Parents helping children into their first home
To guarantee or not to guarantee...
It seems impossible for the current and upcoming generation of young adults to enter the property market with the cost of housing in today’s market and the stringent rules put in place by New Zealand’s banking institutions. The current rules surrounding deposits for any prospective buyer is that (in most cases) you need to have a 20% deposit for the bank to approve your lending. There are however loopholes within this rule and this article will focus on what we are currently experiencing as solicitors in the legal world as a growing trend; parents guaranteeing the borrowings of their children.
Currently, the Banks are allowing parents to enter into guarantees (to ensure the 20% deposit criteria is met) whereby parents are essentially placing their assets ‘in the firing line’ in order to help their children place their feet on the first rung of the property ladder. From the bank’s point of view having security placed over the parents' assets ensures that the bank's criteria of 20% is adhered to by combining the deposit monies the children have scraped together with the equity in parents assets to make up that 20%. For example, a child has a $50,000.00 deposit but needs a $100,000.00 deposit in order to satisfy the bank that they are placing 20% equity into a $500,000.00 property. The parents will need to have assets worth $50,000.00 in order to make up the difference. The problems parents face here is that the bank’s never limit the guarantee to the amount that the parents are providing (unless a solicitor requests a limit which can be approved or denied depending on individual circumstances) and the parents end up guaranteeing their children’s entire loan plus all interest and costs incurred by the bank to recover the debt as well as any future borrowings of the children.

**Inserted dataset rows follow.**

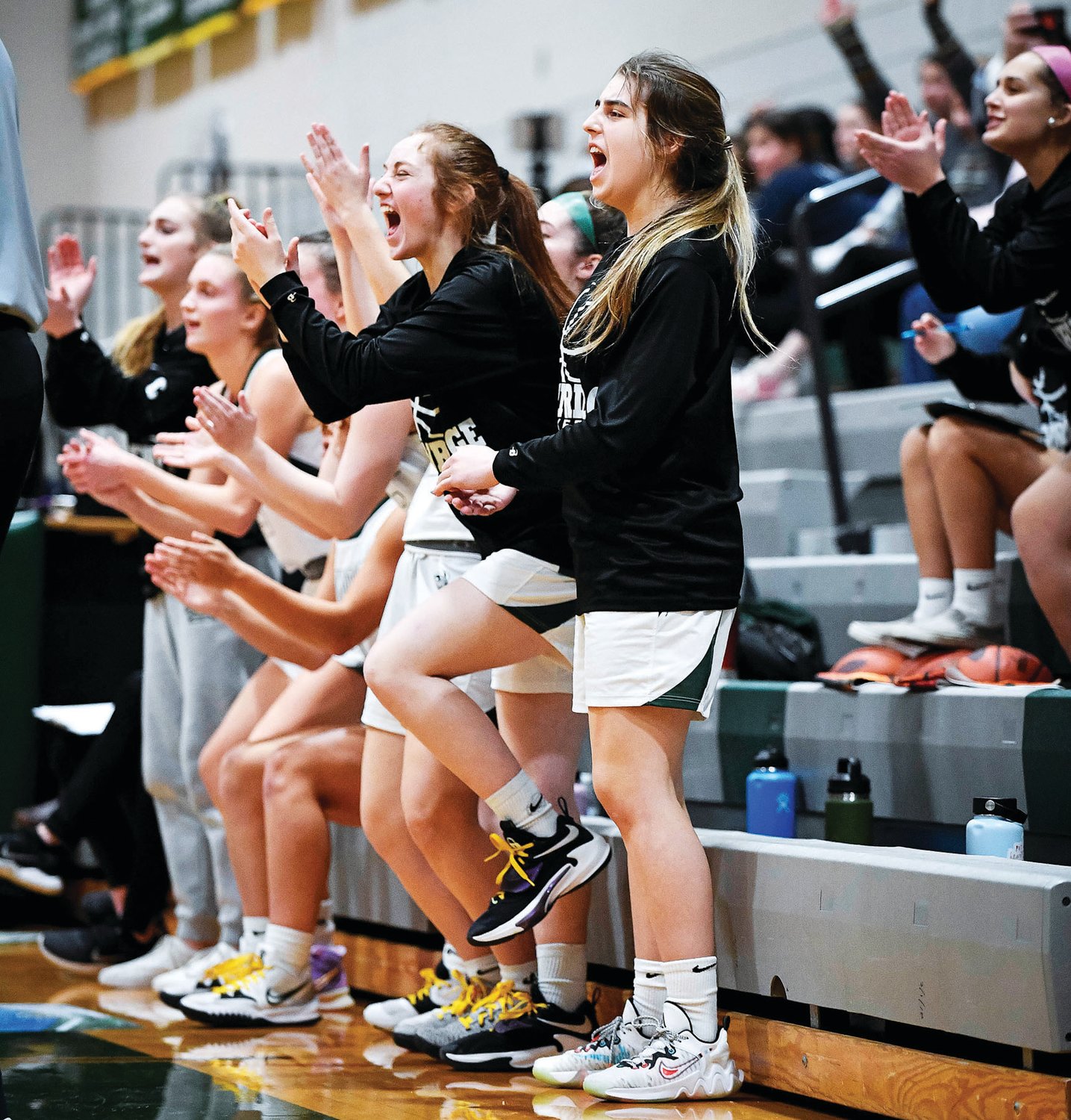 Pennridge’s bench reacts to a 3-pointer from Ella Brown, which blew the game open. Pennridge only held a two-point advantage at the half, 27-25.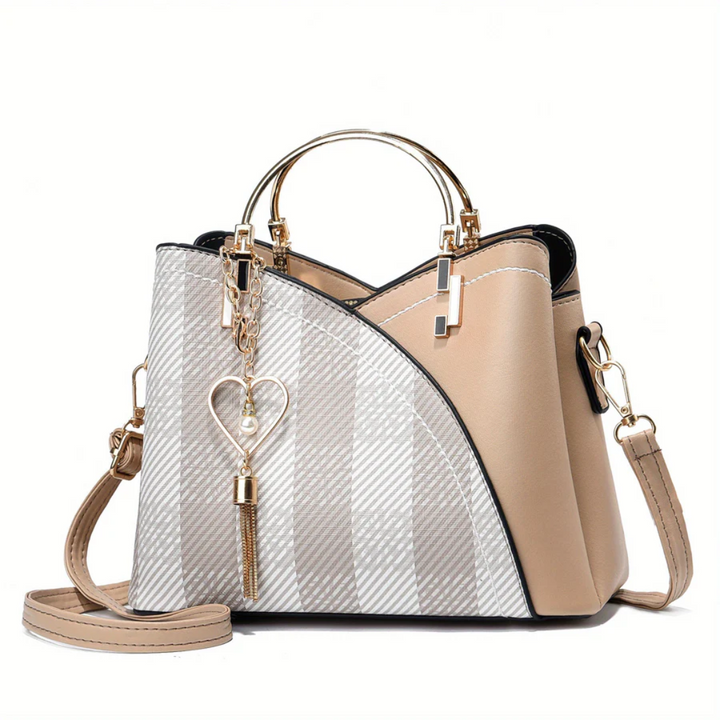Convertible women's shoulder bag. Elegant faux leather versatile everyday handbag.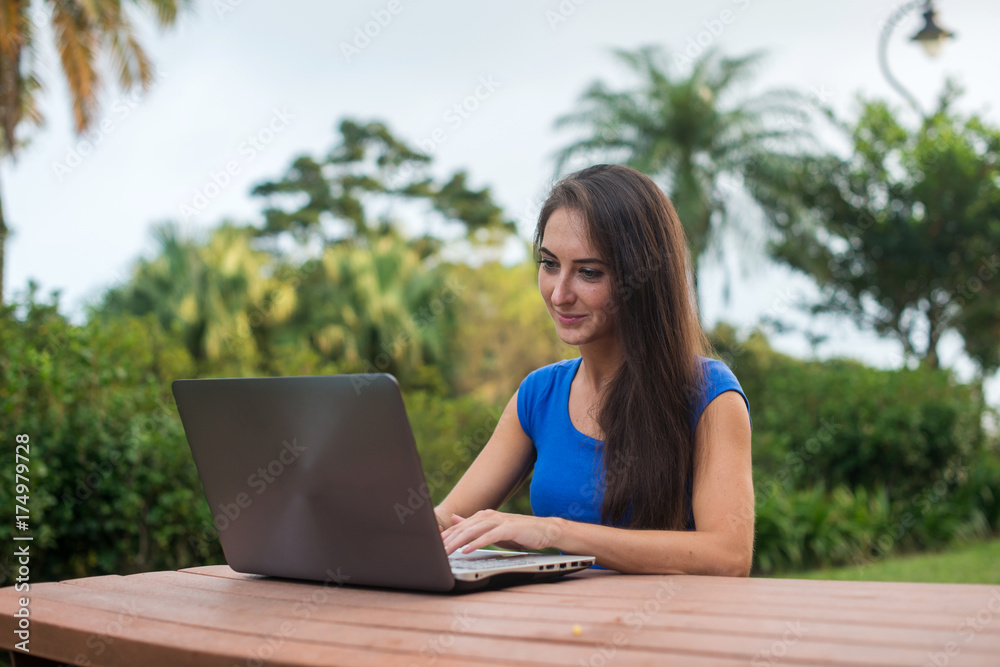 Young pretty smiling student chatting with friends on laptop in the summer park. Young pretty smiling student chatting with friends on laptop in the summer park.
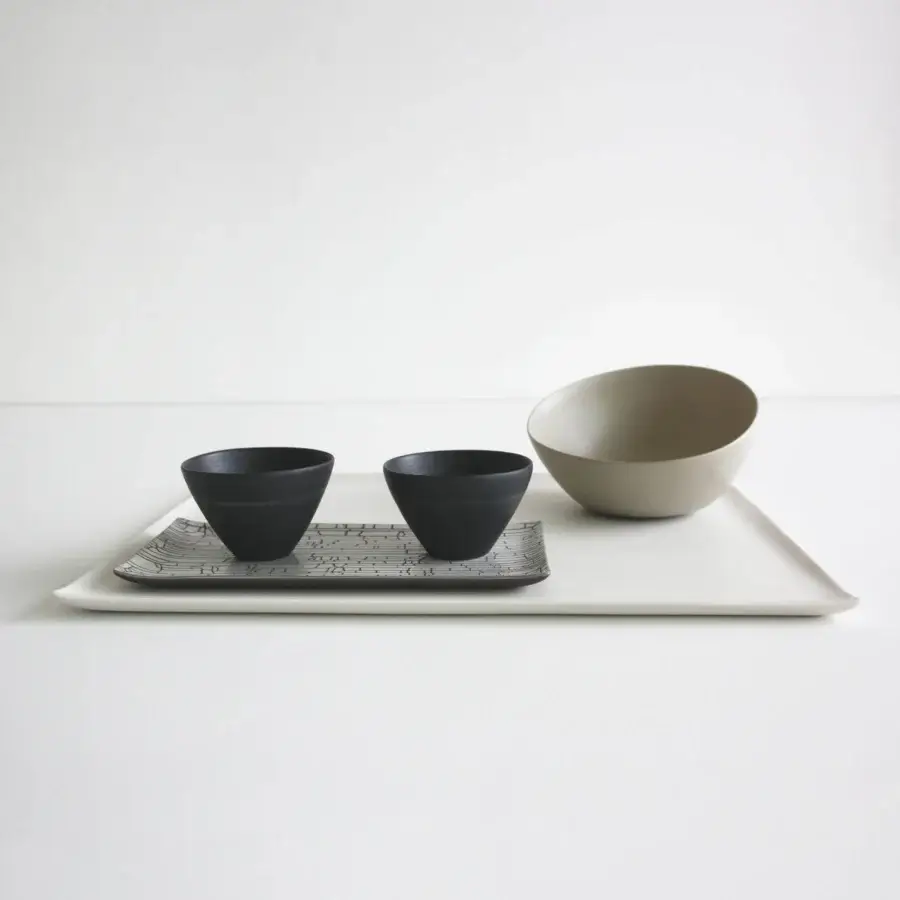 Exclusive Rina Menardi Vassoi Rettangolari centerpiece tray in light gray ceramic with dynamic black and white patterning and smooth matte finish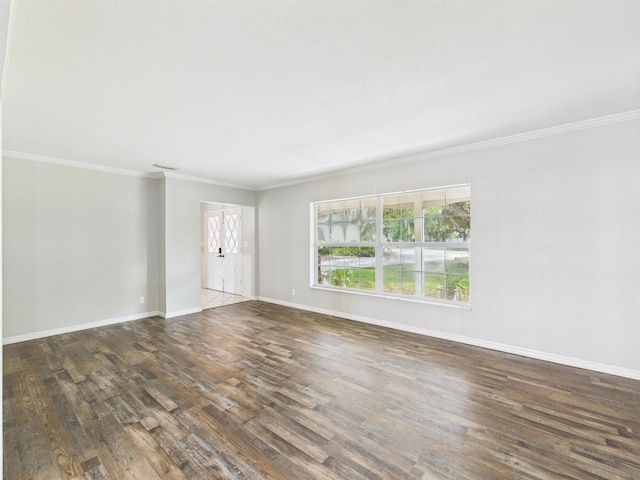 2045 SW 18th Ln, Okeechobee, FL 34974 - unfurnished living room with wood finished floors, crown molding, and baseboards
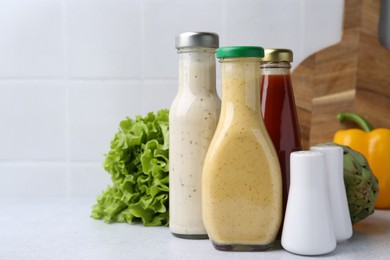 Photo of Tasty sauces in glass bottles on white table, closeup. Space for text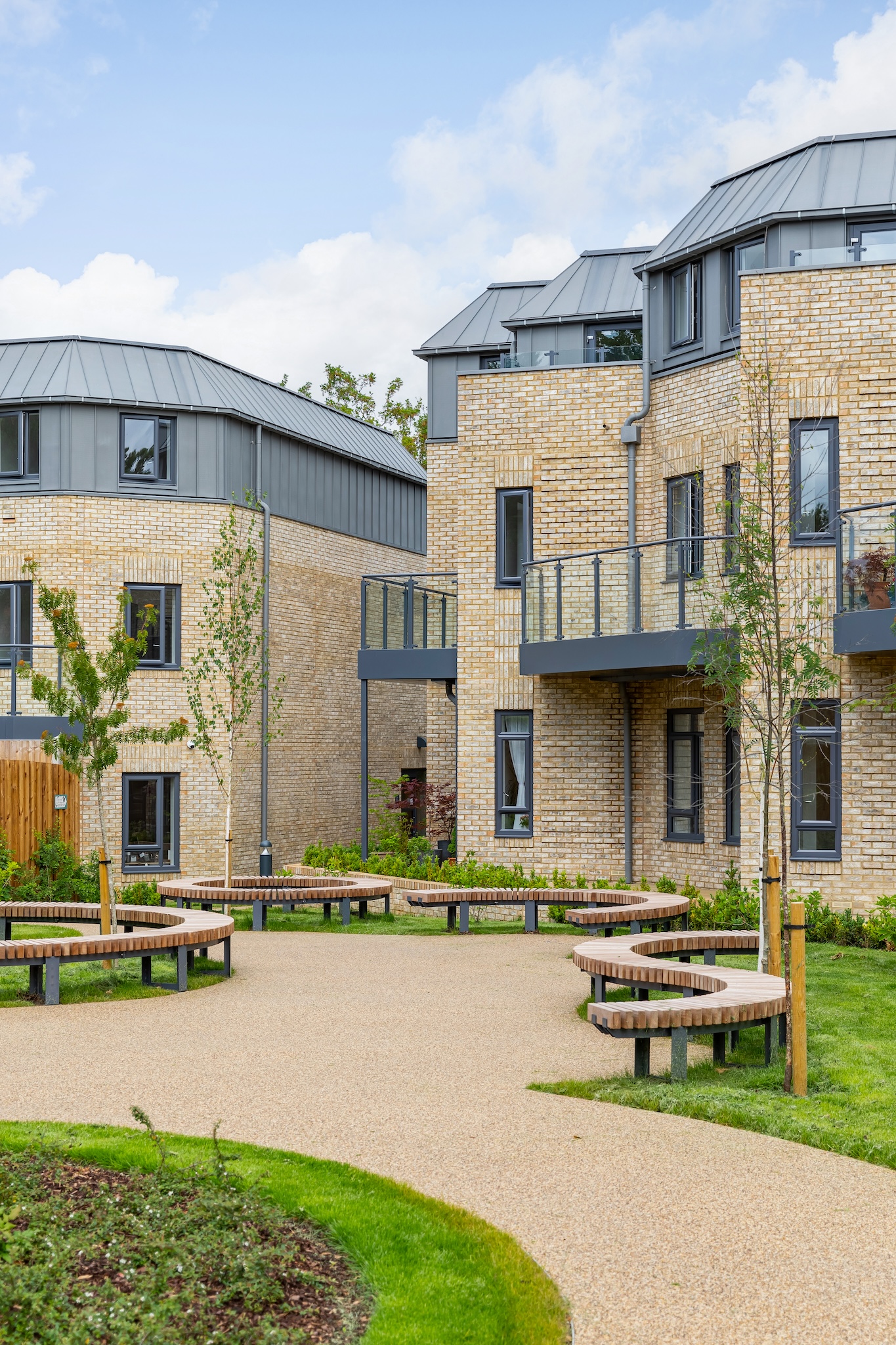 Outdoor area with circular benches and building facade
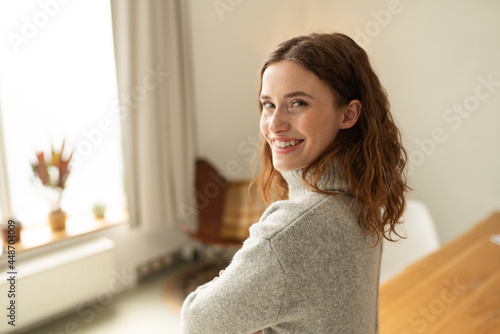 Friendly young woman looking back over her shoulder at camera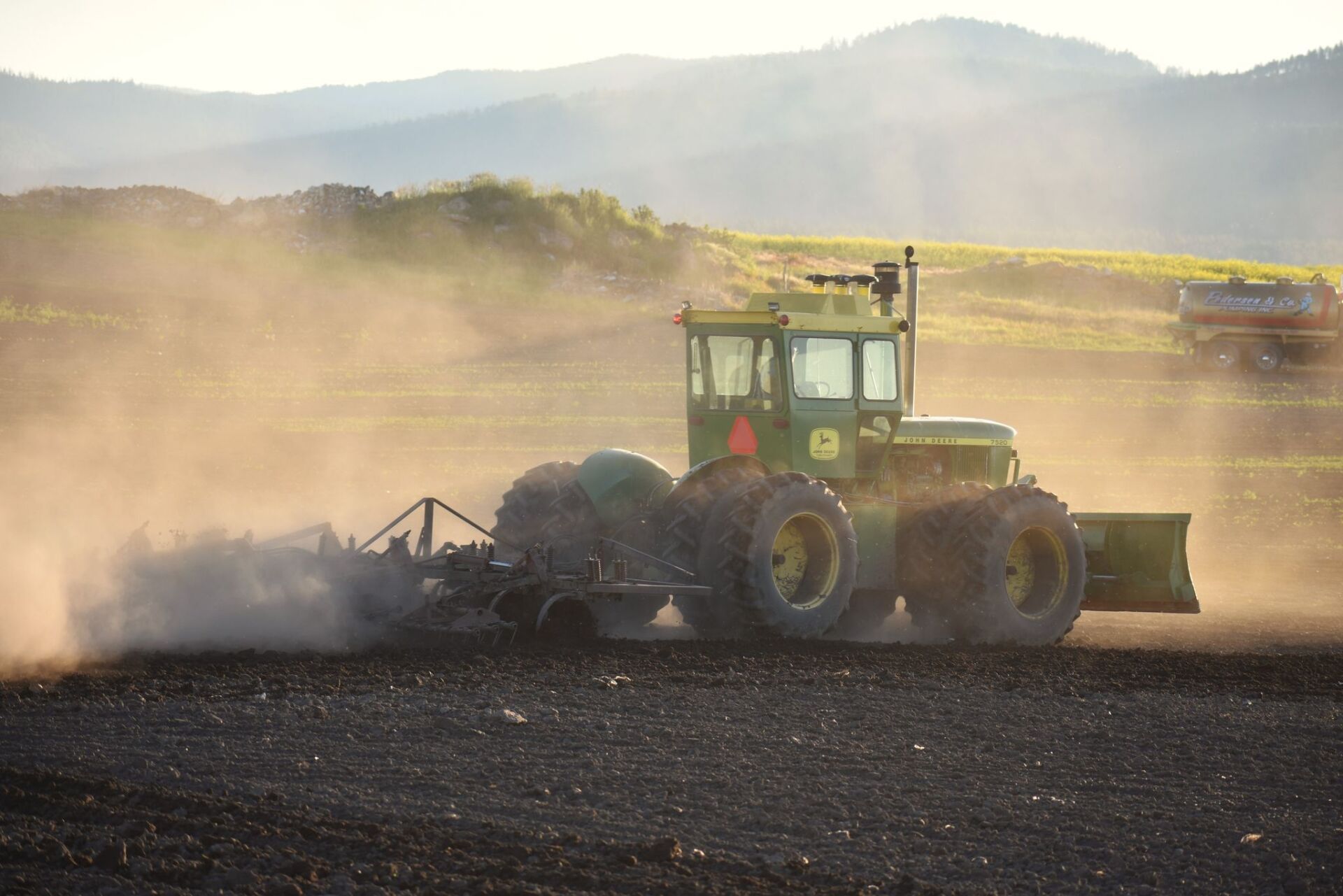 Tractor doing some work — Kalispell, MT — Pedersen & Co Pumping, Inc.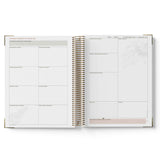 Open teacher planner showing weekly and monthly layout on white background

Now we would all like to think our children will not default on their mortgages but on the slight chance that they do, the parents are now faced with being placed into the shoes of the borrower and servicing the loan as if they were the original borrower.
Some matters that need to be considered by parents when entering into guarantees are that a guarantee is likely to affect the parents’ own ability to borrow and the guarantee extends to their personal assets including the possibility of losing their own home in order to satisfy the debt under the guarantee. Another issue surrounding guarantees is that banks do not terminate guarantees when the loan is repaid so parents can still remain liable for any future borrowings of their children without knowing this. The onus is on the guarantor (parent) to notify the bank that they wish to terminate the guarantee and not have it extended to future borrowings.
We would strongly advise all parents thinking of guaranteeing their children’s loans to obtain independent legal advice before entering into what can be seen as a daunting document so that they have a full understanding as to the nature and effect of the guarantee and what they are actually signing up for.